### PROBLEM
Return, exactly and with nothing added, the line with "Hi there. Today" together with all lines after it through the end of the data below. No pictures belong in the copy.

START SUPPLIED RECORDS

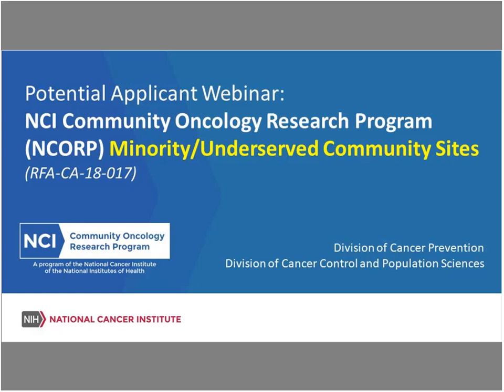Welcome, and thank you for joining us today for the NCI Community Oncology Research Program Minority and Underserved Community Sites RFA webinar. My name is Jennifer, and I will be your WebEx host. Before moving into introducing our speakers for today, I'd like to cover a few housekeeping details.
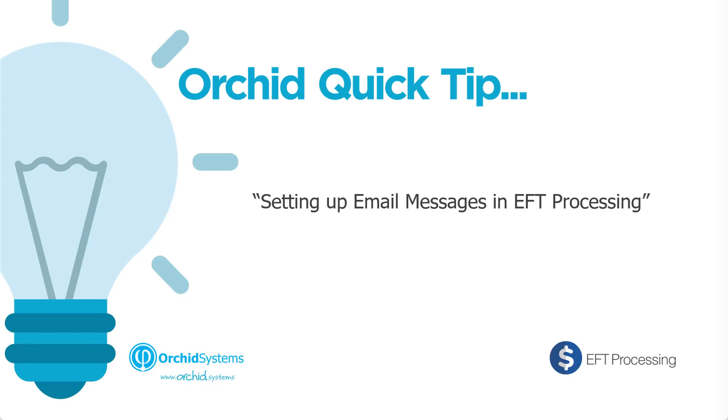Welcome to this ORCID quick tip video on setting up email templates in EFT processing. We will cover the following topics.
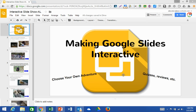Hi there. Today we're going to look at how to make a Google Slides presentation interactive. I'm going to focus on two application examples: one would be if you were creating a choose your own adventure type story, or if you wanted to make an interactive quiz or review.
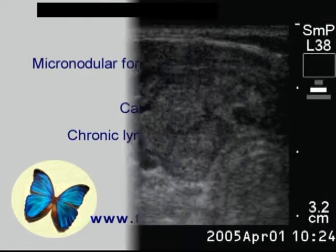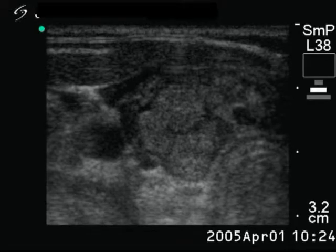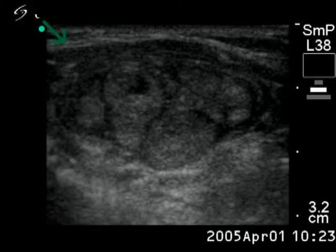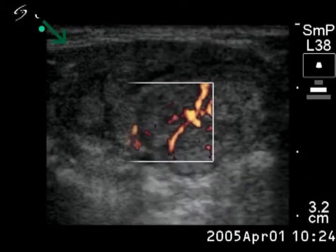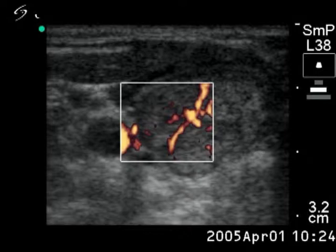The right lobe is composed of multiple isoechoic lesions which are separated by fibrous tissue. This is the so-called micronodular form of Hashimoto's thyroiditis. The extralobular part, marked with a green arrow, is moderately hypoechoic according to autoimmune thyroiditis. Paralobular blood flow is demonstrated.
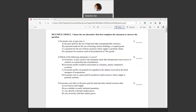I will record Chapter 18 end-of-chapter questions. Question one: economic rent or pure rent is defined as the price paid for the use of land and other non-reproducible resources.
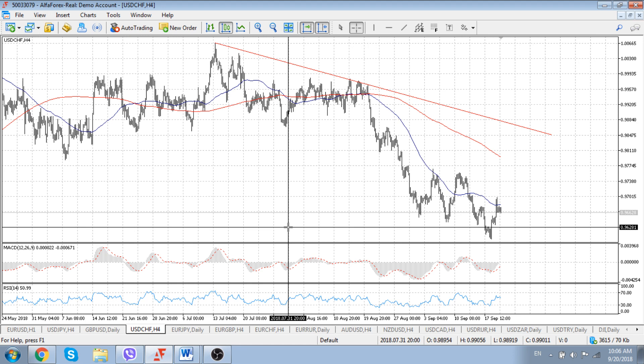As regarding the situation with dollar-Swiss, we should concentrate your attention on today's Swiss National Bank monetary policy decision. Of course, nobody expects changes in the interest rate or the rate corridor, but more important will be to focus on a possible wording from SNB members regarding the current strength of the Swiss franc.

END SUPPLIED RECORDS

### ANSWER BOX
Hi there. Today we're going to look at how to make a Google Slides presentation interactive. I'm going to focus on two application examples: one would be if you were creating a choose your own adventure type story, or if you wanted to make an interactive quiz or review.
The right lobe is composed of multiple isoechoic lesions which are separated by fibrous tissue. This is the so-called micronodular form of Hashimoto's thyroiditis. The extralobular part, marked with a green arrow, is moderately hypoechoic according to autoimmune thyroiditis. Paralobular blood flow is demonstrated.
I will record Chapter 18 end-of-chapter questions. Question one: economic rent or pure rent is defined as the price paid for the use of land and other non-reproducible resources.
As regarding the situation with dollar-Swiss, we should concentrate your attention on today's Swiss National Bank monetary policy decision. Of course, nobody expects changes in the interest rate or the rate corridor, but more important will be to focus on a possible wording from SNB members regarding the current strength of the Swiss franc.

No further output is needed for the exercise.